**What to work on**
Each record must come back unchanged in your answer, stripped of its images.

>>>>>

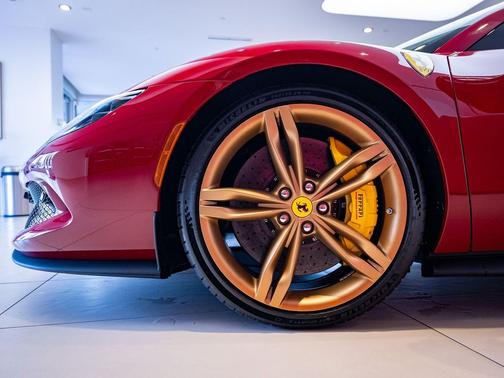 2025 Ferrari 296 GTS 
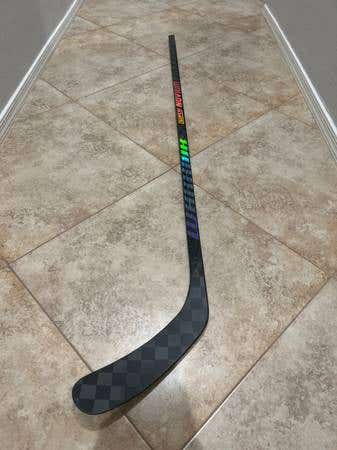 Intermediate Warrior Super Novium Right Handed Hockey Stick 55 Flex W03 (Bauer-P92 CCM-P29) New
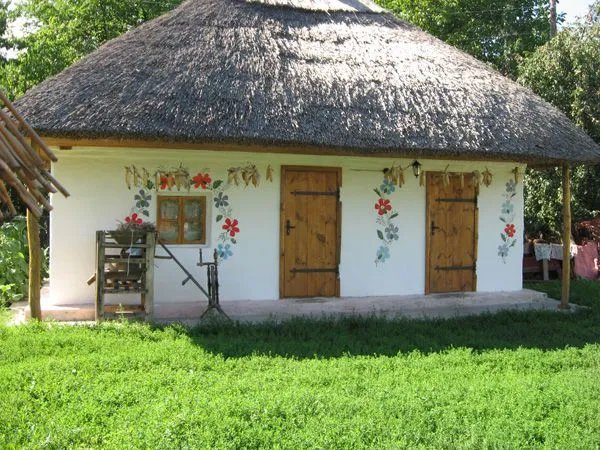 Зелена садиба у Великих Сорочинцях Полтавської області Зелена садиба у Великих Сорочинцях Полтавської області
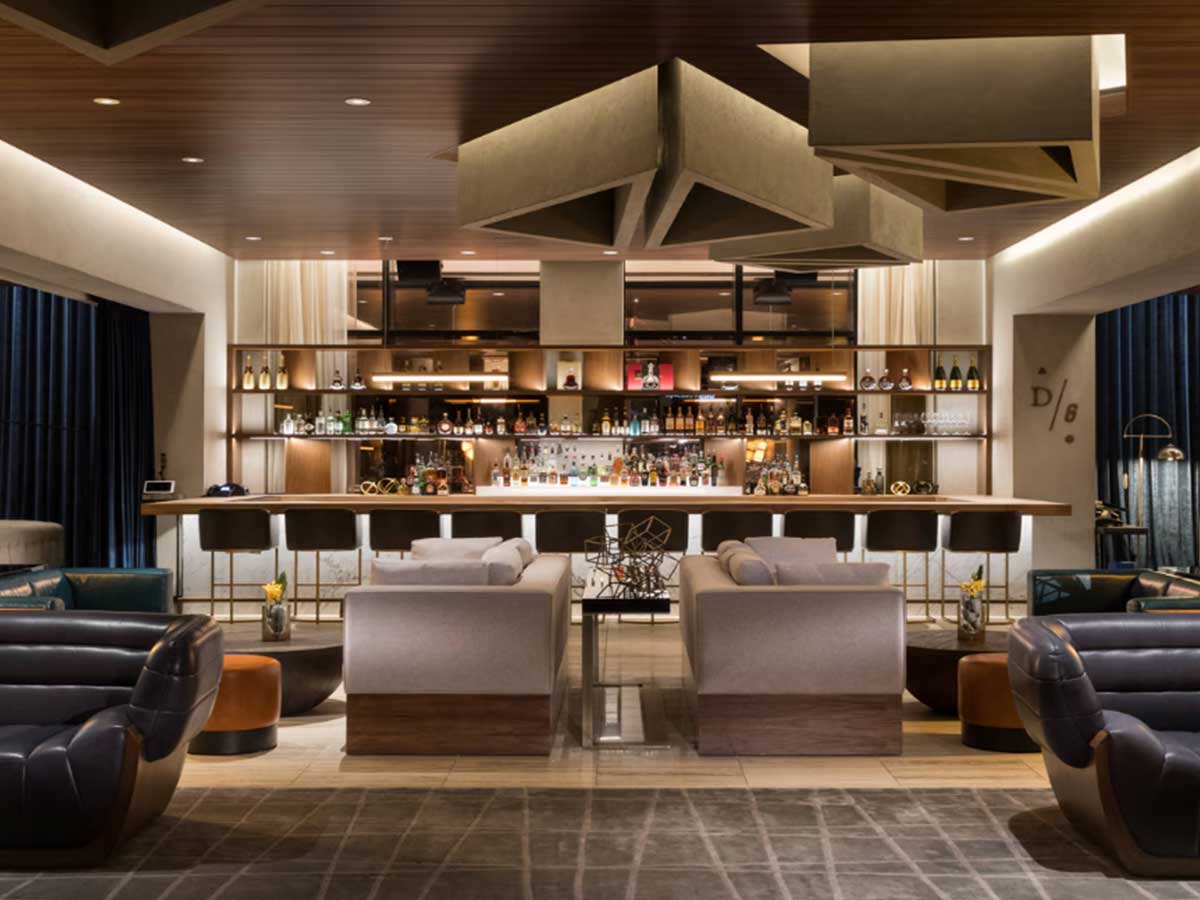 D/6 Bar and Lounge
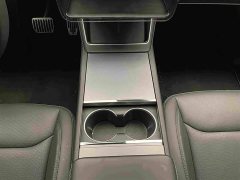 Tesla Model Y Rear-Wheel Drive - ფოტო 14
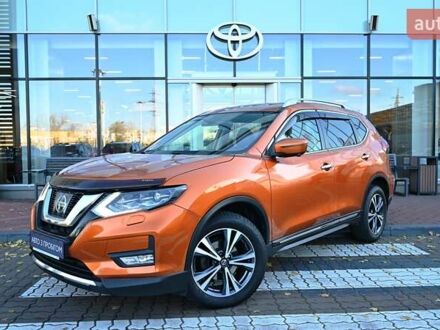 Оранжевый Ниссан ИксТрейл, объемом двигателя 1.6 л и пробегом 122 тыс. км за 18262 $, фото 1 на Automoto.ua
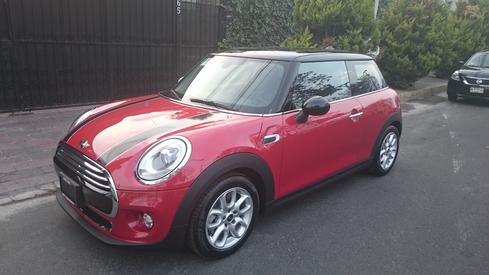 El Mini Cooper rojinegro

<<<<<

**Result below**
 2025 Ferrari 296 GTS 
 Intermediate Warrior Super Novium Right Handed Hockey Stick 55 Flex W03 (Bauer-P92 CCM-P29) New
 Зелена садиба у Великих Сорочинцях Полтавської області Зелена садиба у Великих Сорочинцях Полтавської області
 D/6 Bar and Lounge
 Tesla Model Y Rear-Wheel Drive - ფოტო 14
 Оранжевый Ниссан ИксТрейл, объемом двигателя 1.6 л и пробегом 122 тыс. км за 18262 $, фото 1 на Automoto.ua
 El Mini Cooper rojinegro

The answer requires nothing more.